Alerji tedavi yöntemleri!
Her bölgenin kendisine özgü bitki örtüsü bulunduğuna ayrıca her bağışıklığında kendine has olduğunu belirten Cansever, alerji tedavilerinde bu kriterlerin dikkate alınması gerektiğini söyleyerek semptom giderici tedavinin yanında; burun spreyi, göz damlası gibi ilaçlar verildiğini, hasta bunlara yanıt vermezse, yaşam kalitesi çok bozuluyorsa, okul, iş gücü kaybı oluyorsa Aşı tedavisi uygulandığını aktardı.
En etkili yöntem: ‘‘Polenlerden uzak durun’’
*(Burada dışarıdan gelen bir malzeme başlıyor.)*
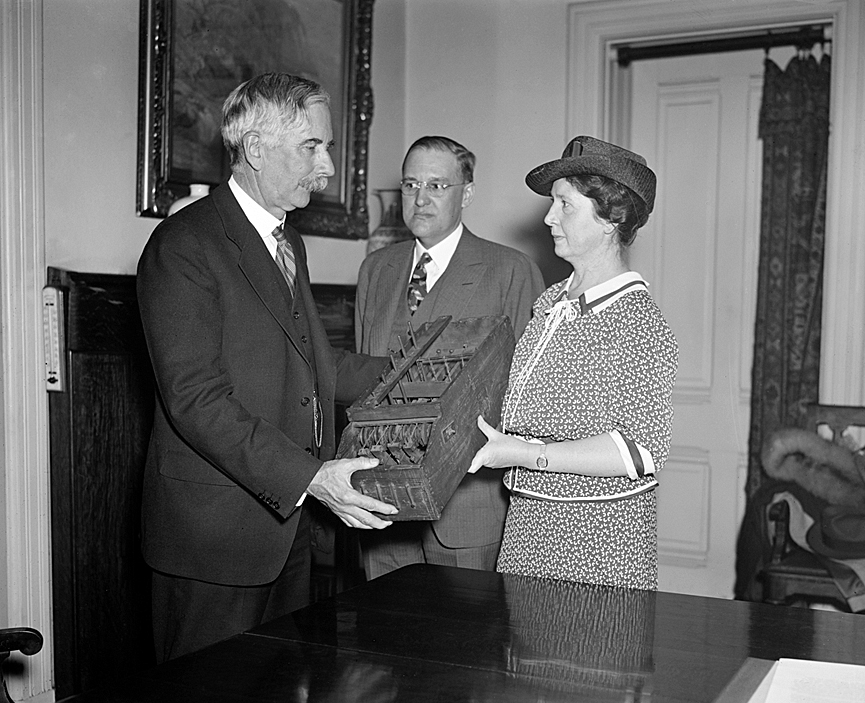 El Comptometer, la caja de macarrones, presentada al Instituto Smithsonian por la hija del inventor. 1937. Harris y Ewing. Librería del Congreso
Tedavideki en etkili ve önemli yöntemin alerjenden korunma olduğunun altını çizen Cansever, şöyle devam etti: ‘‘İstediğiniz kadar ilaç verin, çocuk ağacın altında piknik yapıyorsa, o polene yoğun bir şekilde maruz kalıyorsa şikayetleri kontrol altına girmeyecektir. Birincil yöntem korunma, polenlerden uzak durma. Gözlük, maskeyle o alanlara çıkabiliriz. Evimizi, polenlerin daha az yoğun olduğu akşam saatlerinde, yağmurlu saatlerde havalandırmalıyız. Çocuklar dışarıdan geldiği zaman, aile bireyleri dışarıdan geldiği zaman kıyafetleri hemen hızlı bir şekilde çıkarıp saçımızı yıkamalıyız. Balların içinde ciddi manada polen ekstresi olabiliyor. Bal yedikleri zaman bu çocukların şikayetleri artıyor. Hatta aileleri bazen bize diyorlar ki 'Hocam şikayetleri geçmiyor.' Meğer çocuğa sabah akşam öksürmesin diye bal veriyor, o da öksürüklerini daha da arttırıyor.’’
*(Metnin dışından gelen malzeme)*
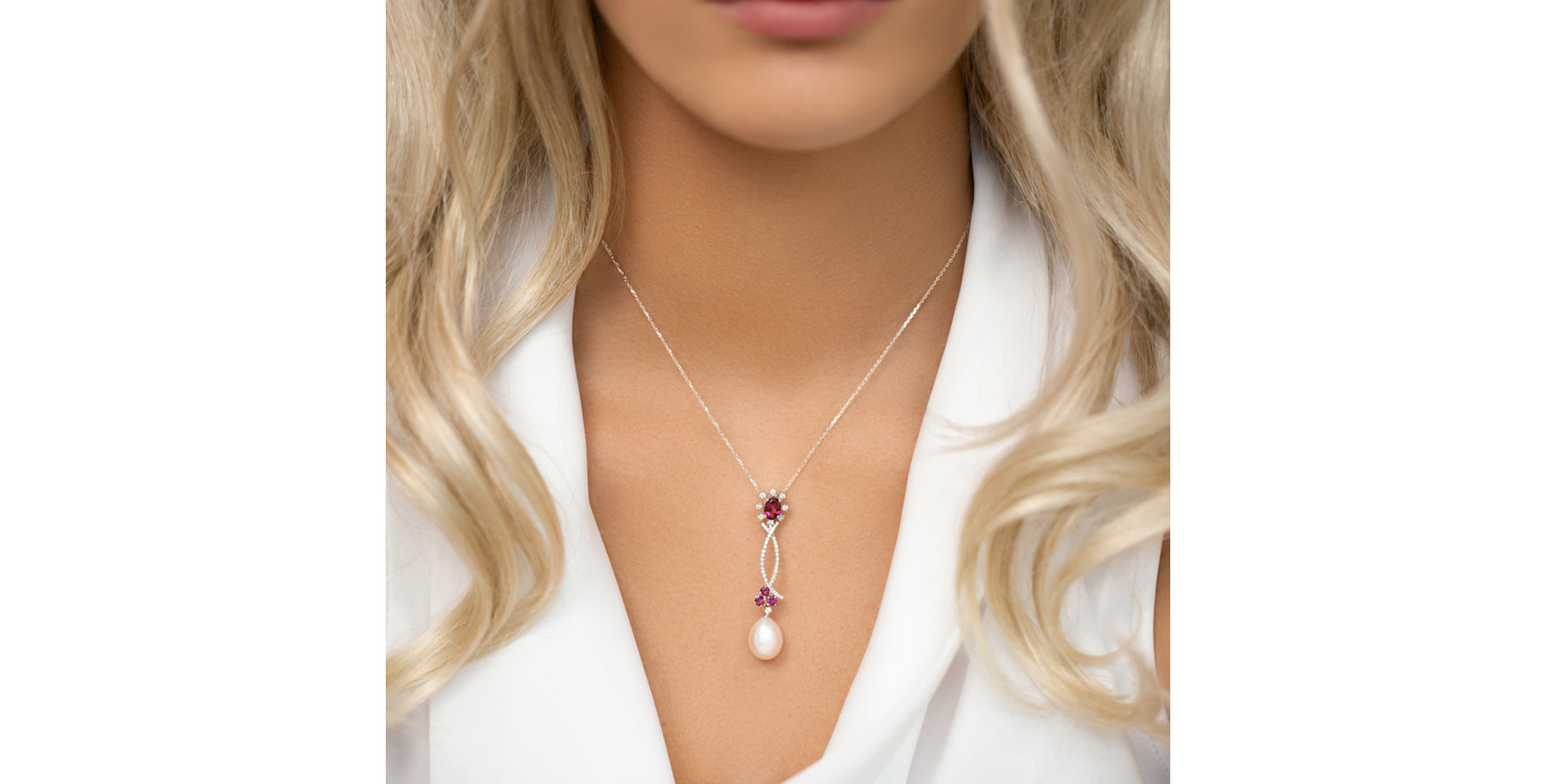 Diamond pendant with Pearl and Rhodolite Suzette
Alerji bölgeden bölgeye değişiyor!
Alerjinin bölgelerdeki bitki örtüsüyle doğrudan ilişkisi olduğunu ifade eden Cansever, sıcak iklimin hakim olduğu Güneydoğu Anadolu gibi bölgelerde küf mantarı ve ev tozu akarı daha az olurken Karadeniz'de ise nem ve rutubetten dolayı bu alerjenlerin pik yapabileceğini ön görebildiklerini belirtti. Mardin'de bu konuda bir çalışma yaptığını anlatan Cansever, ‘‘Şehrin atmosferinde hangi polenler olduğu ölçülmüştü daha önce. Ben de bu ölçümle klinikteki karşılaştığımız sonuçlar aynı mı diye araştırdım. O polenlerin solüsyonlarını aldım, alerji şikayeti olan çocuklara test yaptım. Havadaki neyse ciltteki de o çıktı. Atmosferde ne varsa ona duyarlı olursunuz, neye maruz kalırsanız ona alerjiniz gelişir. Alerjik hastalıklarda tek bir nedenin söz konusu değildir. Genetik altyapıdan doğum şekline, gebelikte geçirilen olaylardan mikro çevreye, kullanılan antibiyotiklere kadar pek çok etkenin bunu tetikleyebilir’’ şeklinde konuştu.